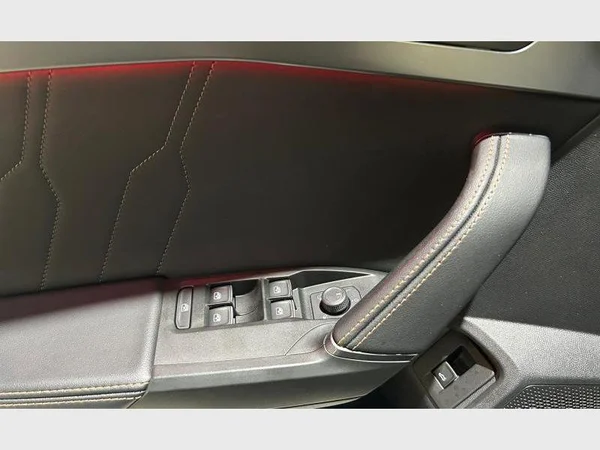 Cupra Formentor (2022) — foto 20 van 29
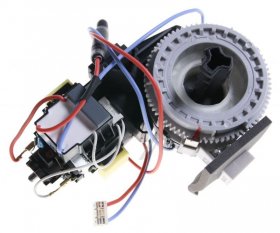 Coffee Grinder - 12025008 Milling Plant [Bosch Siemens]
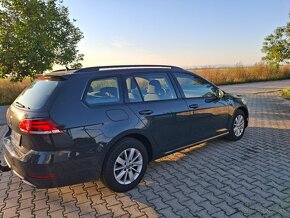 Volkswagen golf combi 7 - 5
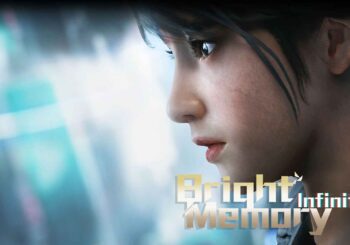 Агляд гульні Bright Memory: Infinite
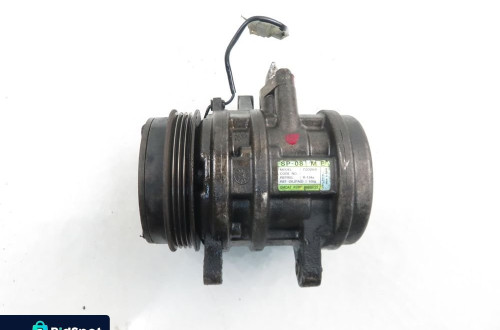 KOMPRESOR KLIMATYZACJI CHEVROLET MATIZ M250 0.8 96858722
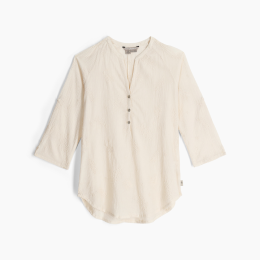 Жіноча футболка Roayal Robins Oasis Tunic II 3/4 Sleeve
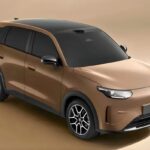 Novo SUV elétrico da Stellantis custa R$ 75 mil e roda 500 km; descubra qual é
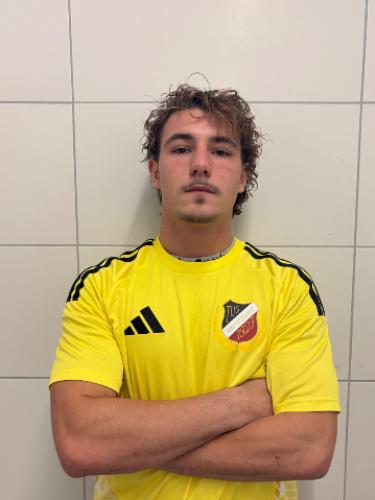 Timo Grashoff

WHAT IS EXPECTED. Would you repeat the entries exactly, but with no pictures?

SOLUTION FOR THIS EXERCISE.
 Cupra Formentor (2022) — foto 20 van 29
 Coffee Grinder - 12025008 Milling Plant [Bosch Siemens]
 Volkswagen golf combi 7 - 5
 Агляд гульні Bright Memory: Infinite
 KOMPRESOR KLIMATYZACJI CHEVROLET MATIZ M250 0.8 96858722
 Жіноча футболка Roayal Robins Oasis Tunic II 3/4 Sleeve
 Novo SUV elétrico da Stellantis custa R$ 75 mil e roda 500 km; descubra qual é
 Timo Grashoff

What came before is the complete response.